On a bien vu la Ligue arabe, une caisse creuse, condamner des régimes qui étaient, il y a si peu, ses «joyaux». On a bien vu des dirigeants arabes financer, participer militairement à la chute de dictateurs qui ont la même langue et la même religion que celles de leurs «Brutus». La grande mécanique mise en marche, les feuilles de route distribuées, et les tribunaux internationaux qui prennent de nouvelles activités ne laisseront indemne strictement aucun pays arabe en dehors des restructurations stratégiques managées par les USA, Israël et l'Europe. Les enjeux sont clairs, simples et parfaitement lisibles. Quelle place, à quel prix, comment et avec qui ? Ce sont là quelques questions posées au pouvoir, aux élites, à la société civile et à l'opposition algériens, et dans l'urgence.

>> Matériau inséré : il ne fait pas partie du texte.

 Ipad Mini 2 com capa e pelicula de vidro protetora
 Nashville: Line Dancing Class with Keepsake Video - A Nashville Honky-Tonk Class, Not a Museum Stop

La crise qui frappe durement toute l'Europe et l'Amérique va rendre plus fébriles, plus exigeants et, surtout, plus menaçants les maîtres du monde vis-à-vis des régimes sanguinaires, conservateurs ou qui traînent la patte devant des réformes qui seront mises en place, de gré ou de force. Même les riches dynasties en Arabie Saoudite et au Koweït sont prises de panique et doivent faire des concessions à l'intérieur, à leurs protecteurs-tuteurs, aux opinions et ONG occidentales.

En Algérie, il y a des forces archaïques, rentières et peu compétentes qui pensent que le pétrole ne peut pas baisser, que l'Algérie de 2012-2013 sera la même, avec les mêmes mécanismes qu'en 2009-2011. Ce qui reviendrait à croire que, partout, des mutations se font et que l'histoire en Algérie est figée pour l'éternité. Or, pour les grandes puissances où les dirigeants pensent, font de la prospective, de la planification autour de consensus internes puissants et de démocraties durables, il y a des priorités, un calendrier et un plan d'action. En plus des problèmes sécuritaires, économiques, culturels, sociaux et de représentation, les dirigeants algériens auraient tout intérêt à inclure d'autres acteurs dans la marche du pays, à prévenir, sinon prévoir et anticiper. Pour que la place de l'Algérie dans le monde soit consensuelle et protégée par tous, un front intérieur, patriotique, et en adéquation avec la rapidité des changements qui se font au Maghreb et au-delà. L'omniscience de responsables jamais élus nulle part, qui savent tout et mieux que toute la matière grise planétaire, ne fait même plus sourire. Elle fait peur quant à l'avenir du pays qui peut être entraîné par ses dirigeants dans les ténèbres des conflits intérieurs.